### WORK INSTRUCTION
Write out each record exactly as it stands. No pictures belong in the copy.

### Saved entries
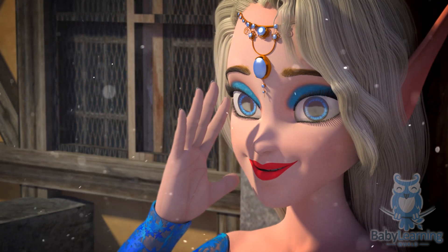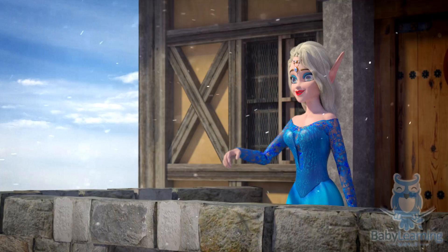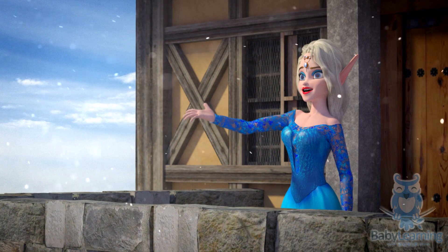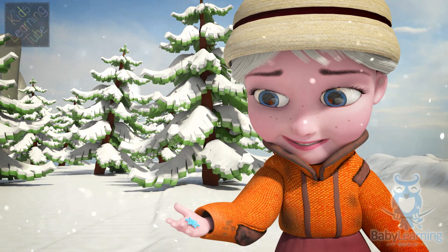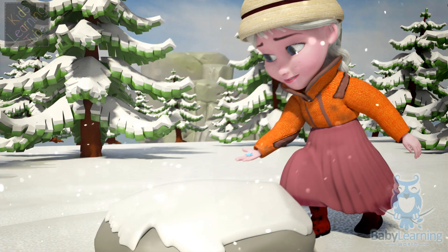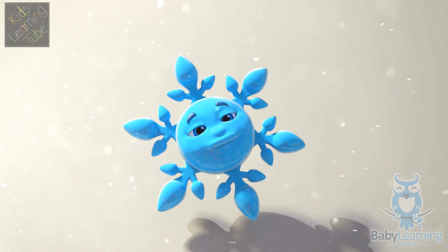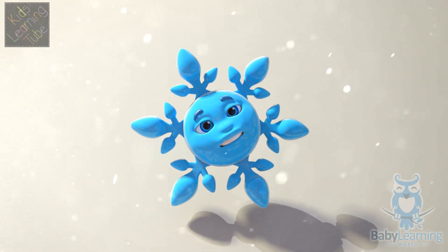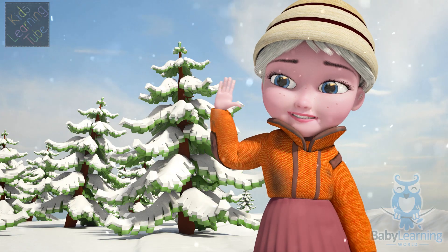Ulyana! It's lunchtime! Sorry snowflake, I have to go now, but we'll meet again soon! Bye-bye snowflake!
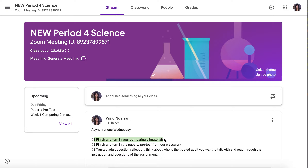For odd period, your deadline will be on February 4th, Thursday. For even period, your deadline is February 5th, Friday.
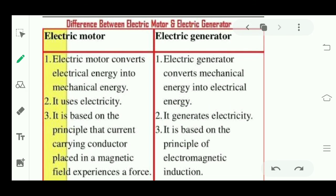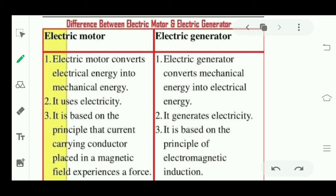The generator takes mechanical energy as input and gives us electrical energy. The electric motor uses electricity — for example, the motor pumps water using electricity. The generator produces electricity, like the standby generators we use at home when there is no power supply.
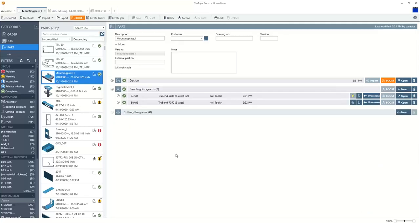So that's just a quick overview of TrueTops Boost. A little bit of part creation, order management, nesting and cutting with a laser and bending with a couple of different press breaks.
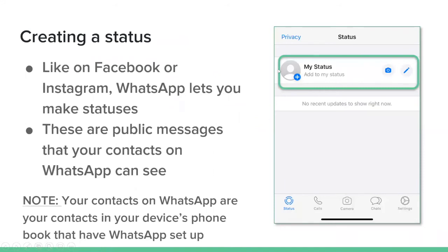Once you've added your name and a photo, you can add a personalized status message — like on Facebook or Instagram, you can choose a status showing whether you're available or not. This is optional. If you don't put anything, WhatsApp defaults to a message that says 'Hey, I'm on WhatsApp.' Quite frankly, I've never even looked at it. So this is not mandatory — your choice.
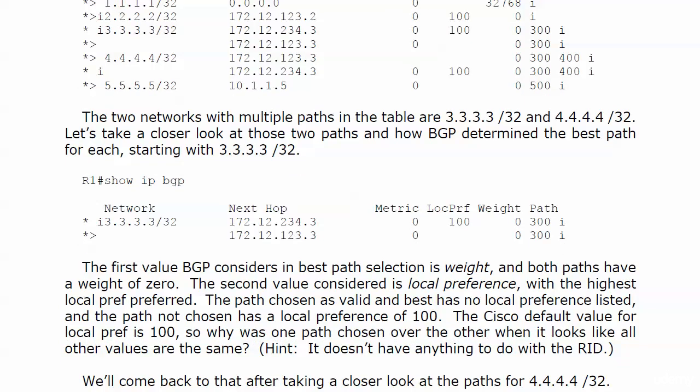So something's going on here in that path selection, and we'll go down here and look at router 3's entries or router 1's entries for router 3's loopback. We know the first value that BGP considers in the best path selection is weight. We know that's a Cisco proprietary attribute. Both paths here have a weight of zero. Nothing tricky there because we can look and there's a column weight and a couple of zeros under it.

### RESPONSE BELOW
Ulyana! It's lunchtime! Sorry snowflake, I have to go now, but we'll meet again soon! Bye-bye snowflake!
For odd period, your deadline will be on February 4th, Thursday. For even period, your deadline is February 5th, Friday.
The generator takes mechanical energy as input and gives us electrical energy. The electric motor uses electricity — for example, the motor pumps water using electricity. The generator produces electricity, like the standby generators we use at home when there is no power supply.
So that's just a quick overview of TrueTops Boost. A little bit of part creation, order management, nesting and cutting with a laser and bending with a couple of different press breaks.
Once you've added your name and a photo, you can add a personalized status message — like on Facebook or Instagram, you can choose a status showing whether you're available or not. This is optional. If you don't put anything, WhatsApp defaults to a message that says 'Hey, I'm on WhatsApp.' Quite frankly, I've never even looked at it. So this is not mandatory — your choice.
So something's going on here in that path selection, and we'll go down here and look at router 3's entries or router 1's entries for router 3's loopback. We know the first value that BGP considers in the best path selection is weight. We know that's a Cisco proprietary attribute. Both paths here have a weight of zero. Nothing tricky there because we can look and there's a column weight and a couple of zeros under it.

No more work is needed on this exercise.